Documentary ‘Frida’ lets Frida Kahlo herself “tell her own story” at Sundance

Director Carla Gutiérrez says in an interview with EFE that ‘Frida’, the new documentary dedicated to surrealist painter Frida Kahlo, gives the late Mexican artist “an opportunity to tell her own story” by reviewing her most personal writings.

“I was interested in giving her the microphone so she could tell her most intimate experiences (…) We didn’t want to focus on all the details of her life, but on what she felt,” Gutiérrez reveals from the Sundance festival.

Frida’s works

Originally from Peru, the filmmaker met Kahlo while studying in college “more than 20 years ago,” when she had just arrived as an immigrant to the United States.

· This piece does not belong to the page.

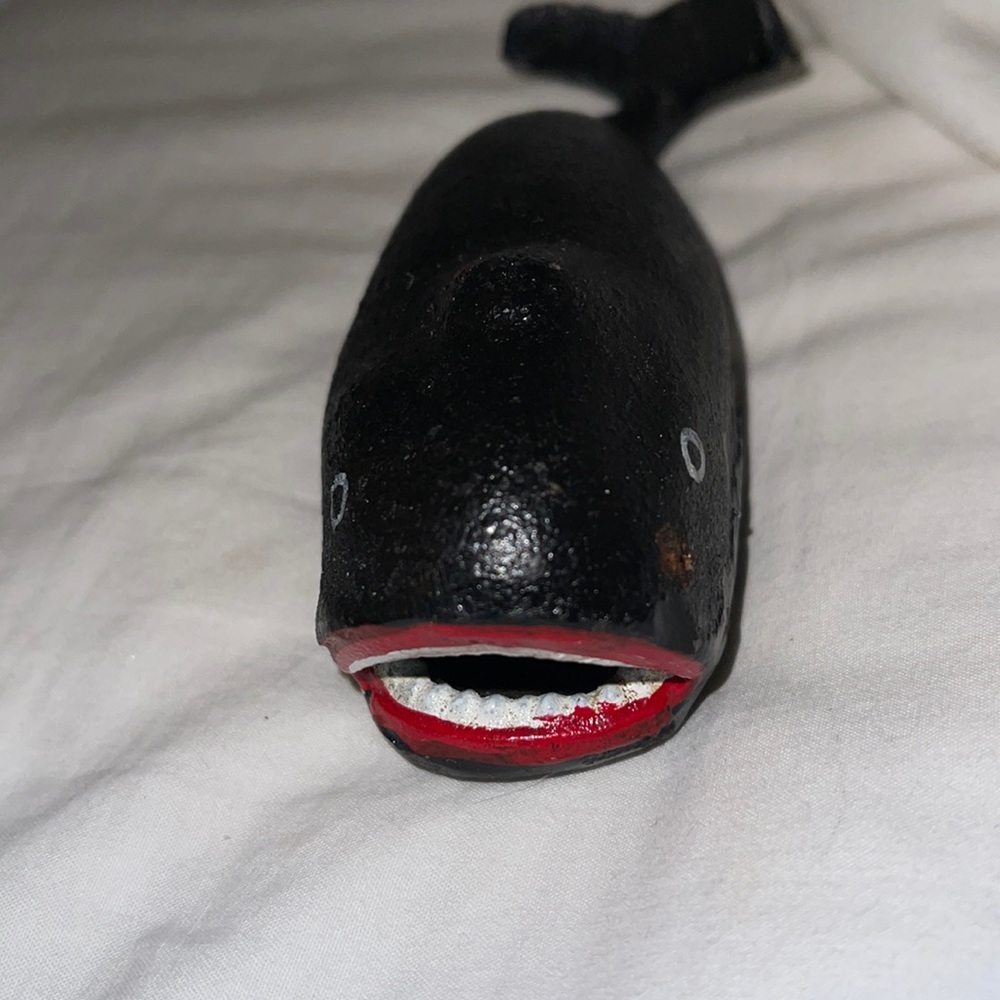 Vintage bottle opener. Could be a shark or whale.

Kahlo’s painting titled ‘Self-Portrait on the Border between Mexico and the United States’ resonated with her own experience in the North American country and since then she dedicated herself to getting to know all of her works.

“I saw that painting of Frida where she is standing between the United States and Mexico and I felt that I was reflected in it. I was a new immigrant, I was not having a welcoming experience in the United States and I missed my country, Peru, very much,” she says.

Gutiérrez assures that in every painting she saw of the artist she found “a piece” of herself and, based on those experiences and her personal connection, she decided to make the film that is now part of the U.S. documentary competition in this independent film contest.

The filmmaker, best known for her work as an editor, and her production team went through all of Kahlo’s writings that have been published in different collections, and with her words and descriptions from her diaries created the documentary’s narrative.

Another look at the artist’s life

Narrated with a voiceover, the film features genuine photographs and videos of the painter and mixes them with animation that deconstructs and animates Kahlo’s works to amplify the woman’s feelings, while creating new metaphors for her experiences.

“I think we are all looking for honest ways to express ourselves but we are still too afraid to do so, it’s not easy to talk about our pains and our emotional problems. She expressed them all in a brutal way, with a lot of color,” says Gutiérrez.

Throughout the documentary, Kahlo talks about her life, her relationship with her parents, the tragic accident that led her to paint, her first rebellious winks in her youth, her boundless love for her husband -also painter Diego Rivera- her political convictions and her “lively feelings”.

In addition, the project attempts to update the idea and concept of Kahlo, with a musical proposal that mixes the sounds of the Mexico of the 1930s in which the painter lived with more contemporary melodies.

“We were trying to break a little with the traditional and not musicalize it with archival material because she broke with many things and was very modern at the time. We wanted to support that and for it not to be seen only as a historical piece,” explains Mexican composer Víctor Hernández Stumpfhauser.

From his point of view, the film helps to rethink the true importance of the painter, whose image abounds in “souvenirs” and in some cases has been reduced only to an object.

“Frida is already a brand and I think the beauty of the documentary is that it brings us back to rediscover who Frida is, why she is who she is, and to take away a little of the marketing stuff to remember why she is so iconic,” said Hernández Stumpfhauser.

The film will continue to be screened at the festival, which runs through January 28 in Park City (Utah, USA), and will arrive on Amazon Prime Video on March 14.